*Assignment*.
Transcribe verbatim the span of lines that opens with the line containing "Simple Modern Boho" and closes with the last line of the data below.

***** Source information *****

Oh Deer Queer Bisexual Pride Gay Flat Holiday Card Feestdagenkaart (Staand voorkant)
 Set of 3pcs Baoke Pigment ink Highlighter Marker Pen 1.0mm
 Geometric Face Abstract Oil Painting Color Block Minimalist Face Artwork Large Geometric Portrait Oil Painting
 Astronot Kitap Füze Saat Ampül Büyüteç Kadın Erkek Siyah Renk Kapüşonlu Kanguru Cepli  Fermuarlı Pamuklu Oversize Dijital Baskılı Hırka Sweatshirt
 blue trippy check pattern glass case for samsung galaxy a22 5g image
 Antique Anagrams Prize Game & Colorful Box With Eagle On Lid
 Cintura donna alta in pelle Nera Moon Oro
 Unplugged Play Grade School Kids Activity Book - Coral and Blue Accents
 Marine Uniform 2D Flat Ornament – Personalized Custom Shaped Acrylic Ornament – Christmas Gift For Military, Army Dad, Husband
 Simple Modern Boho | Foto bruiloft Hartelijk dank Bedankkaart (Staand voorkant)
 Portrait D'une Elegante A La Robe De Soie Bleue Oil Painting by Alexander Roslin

*****

*Answer*.
 Simple Modern Boho | Foto bruiloft Hartelijk dank Bedankkaart (Staand voorkant)
 Portrait D'une Elegante A La Robe De Soie Bleue Oil Painting by Alexander Roslin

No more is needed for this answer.